━━ Material provided
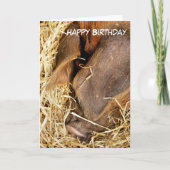 SCHWEINE KARTE (Vorderseite)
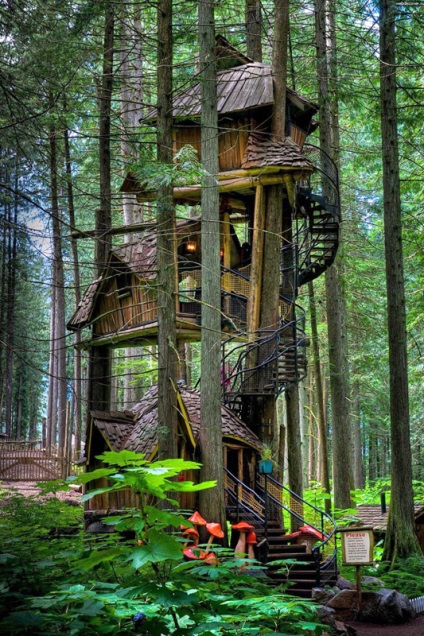 Vrei să trăiești aici în cele mai frumoase 10 case din copaci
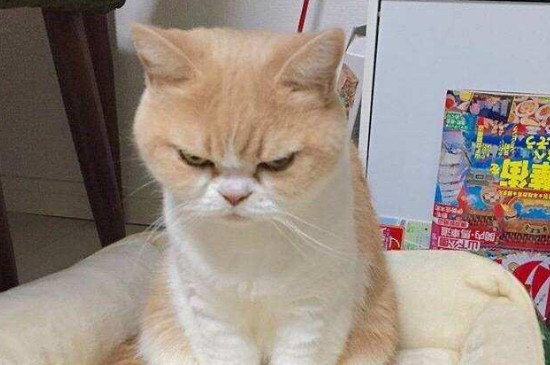 猫咪生气了怎么哄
━━━━
Exercise:
Copy the final stretch of lines, starting at the one that holds "Vrei să trăiești" and ending at the last line of the data, exactly; omit pictures.

Answer for this exercise:
 Vrei să trăiești aici în cele mai frumoase 10 case din copaci
 猫咪生气了怎么哄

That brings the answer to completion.